The Canadian dollar weakened against its US counterpart on Friday after domestic data showed a surprise drop in factory sales, while the greenback climbed broadly on prospects of a US tax overhaul. Manufacturing sales fell 0.4 percent in October, pulled down by weak sales of autos and other transportation equipment. Analysts had forecast a 0.8 percent increase.
The US dollar rose 0.5 percent against a basket of major currencies on optimism a tax bill would be passed by year-end. The loonie got a boost on Thursday after Bank of Canada Governor Stephen Poloz said in a speech the central bank was increasingly confident the economy will need less stimulus over time, although the currency gave up some gains after dovish remarks by Poloz in a subsequent interview.
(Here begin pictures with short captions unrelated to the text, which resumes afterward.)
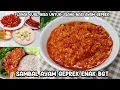 Download Lagu RESEP SAMBAL AYAM GEPREK UNTUK JUALAN | ENAK BANGET BIKIN NAGIH MP3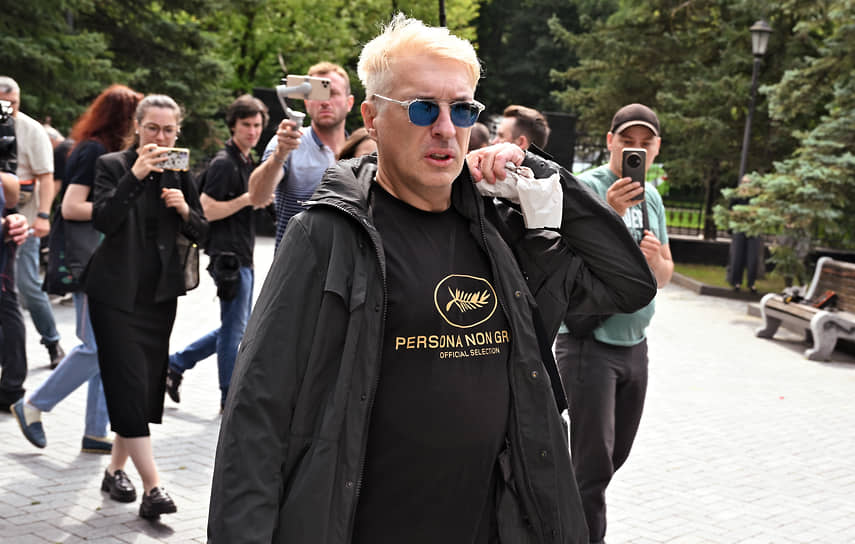 Кинокритик Стас Тыркин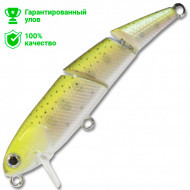 Воблер Kosadaka Cord SH 60F (4,2г) NT Воблер Kosadaka Cord SH 60F (4,2г) NT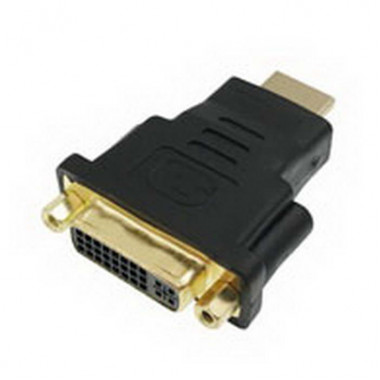 HDMI (m)-DVI-I (f) переходник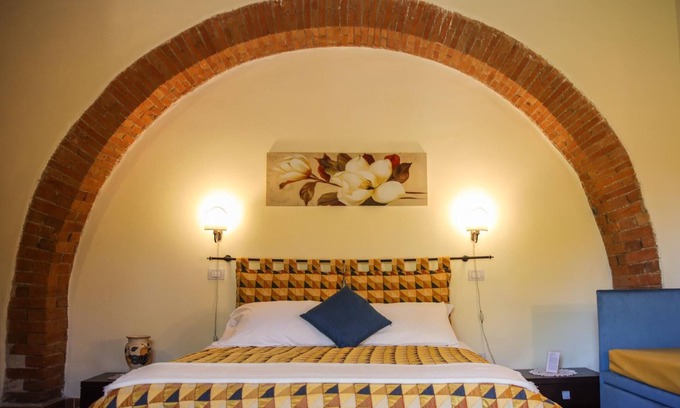 La Campigliola Other | Holiday room "Star of Bethlehem Room"'.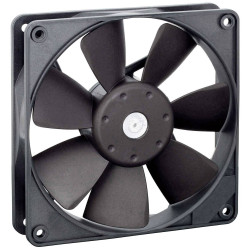 ebm-papst 9293505407 4400 F Axial Fan 24V DC 137m&#xB3;/h 119x119x25.4mm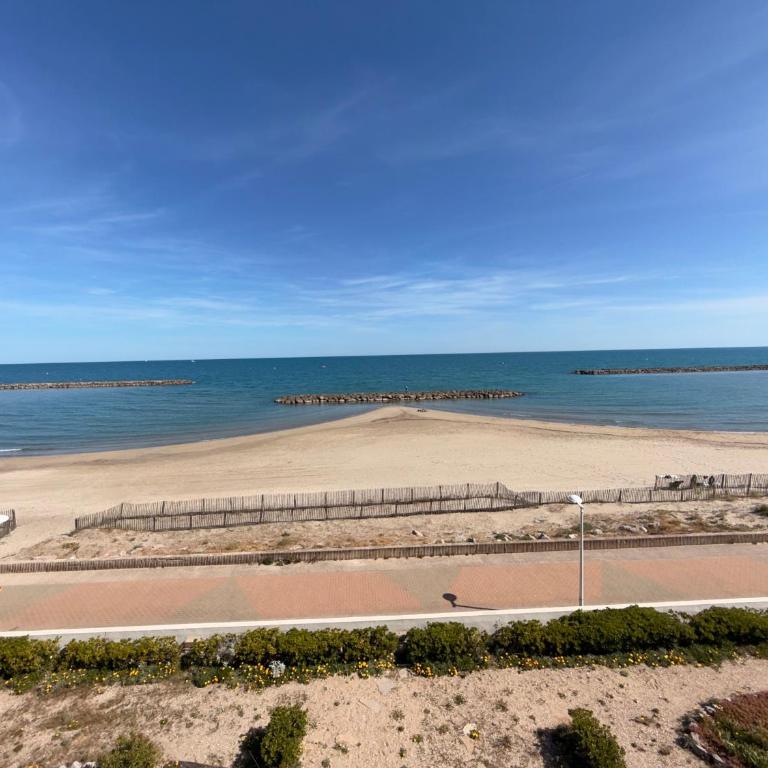 Le Studio 39, vue mer, parking privé, Wi-Fi - LaConciergerieByNina - Appartement 1 Chambre - 2
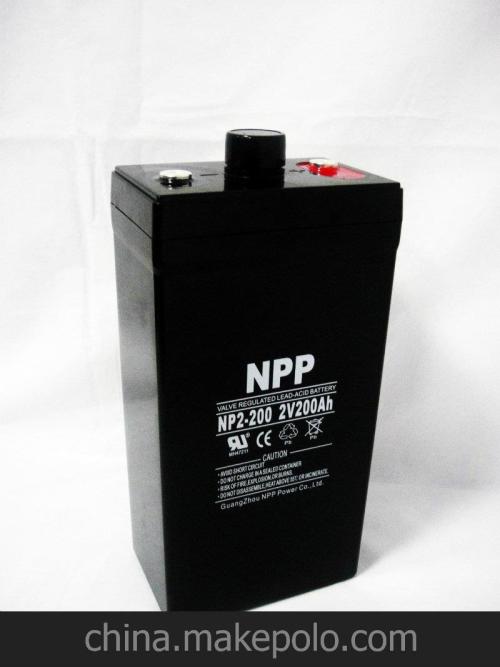代理商耐普NPP蓄電池NP12-26/12V26AH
"Just looking at the way the Bank of Canada communicates, it's not as clear, for instance, as the Fed," said Eric Viloria, currency strategist at Wells Fargo. "That does contribute a bit more in the price swings in the Canadian dollar." The Bank of Canada is leaving the door open to further interest rate hikes in early 2018, making it clear that a number of uncertainties that could derail the economy, such as NAFTA renegotiation, are a reason for caution but not inaction.
the Canadian dollar was trading at C$1.2878 to the greenback, or 77.65 US cents, down 0.6 percent. The currency's strongest level of the session was C$1.2740, while it touched its weakest since Tuesday at C$1.2890. For the week, the loonie dipped 0.2 percent.
The currency lost ground despite higher prices of oil, one of Canada's major exports. US crude prices settled 0.5 percent higher at $57.30 a barrel, supported by a pipeline outage in the North Sea. Speculators have trimmed bullish bets on the Canadian dollar for eight of the last nine weeks, data from the US Commodity Futures Trading Commission and Reuters calculations showed. As of Dec. 12, net long positions had slipped to 41,960 contracts from 42,466 a week earlier.
Canadian government bond prices were mixed across a flatter yield curve, with the two-year down 1.5 Canadian cents to yield 1.555 percent and the benchmark 10-year rising 17 Canadian cents to yield 1.834 percent. The gap between Canada's 10-year yield and its US equivalent widened by 2.4 basis points to a spread of -51.5 basis points.